What doesn't exist yet, but will in the very near future is a true "smart home" hub, whether it is a stand alone device, or part of another. Here an example of what I'm thinking..
A customer buys a motion sensor, opens the box, holds a QR up to a camera on the hub (or via bluetooth NFC). At that point the system connects the device and asks the user what room he's putting the device in. The customer installs the device and confirms (by voice) the device is installed. The smart home system responds, informing the customer there's already a light switch in the room, and asks if he would like the lights turned on when anyone walks in the room. With a simple yes or no response, the customer has already began automating the room.
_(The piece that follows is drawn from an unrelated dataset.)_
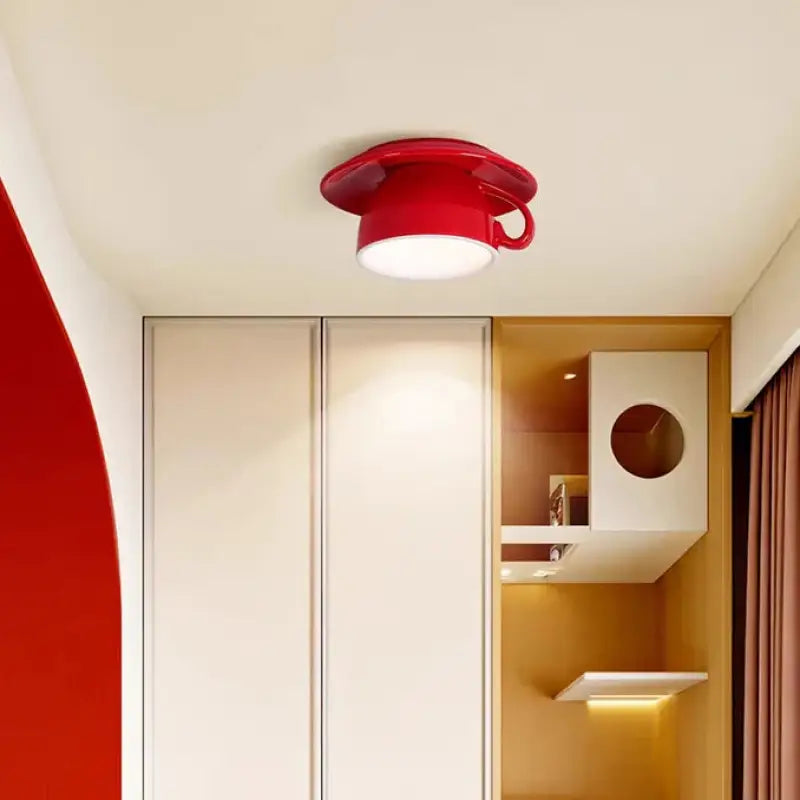 Plafonnier design moderne céramique rouge led ambiance chic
How does this happen today? The customer logs into a mobile app or web site, clicks a button to begin pairing a device, opens the box, pulls a plastic tab then waits for a few minutes, hoping the device actually is recognized. Then the user installs the device and returns to the mobile app/website, looks for the appropriate "rule engine", not understanding what they are, or which one is most appropriate for the task. The user then follows a very complex set of nested menus and options, scrolls though list of devices to find the newly connected device, and finally, after several minutes of frustration, completes the task.
For many of us, especially power users, this kind of detailed programming is second nature and not all that difficult. But for most consumers, it's a non-starter.
What the "mass-market" hub of the future looks like? That's anybody guess. But I bet the letters A and G will be huge players in that future.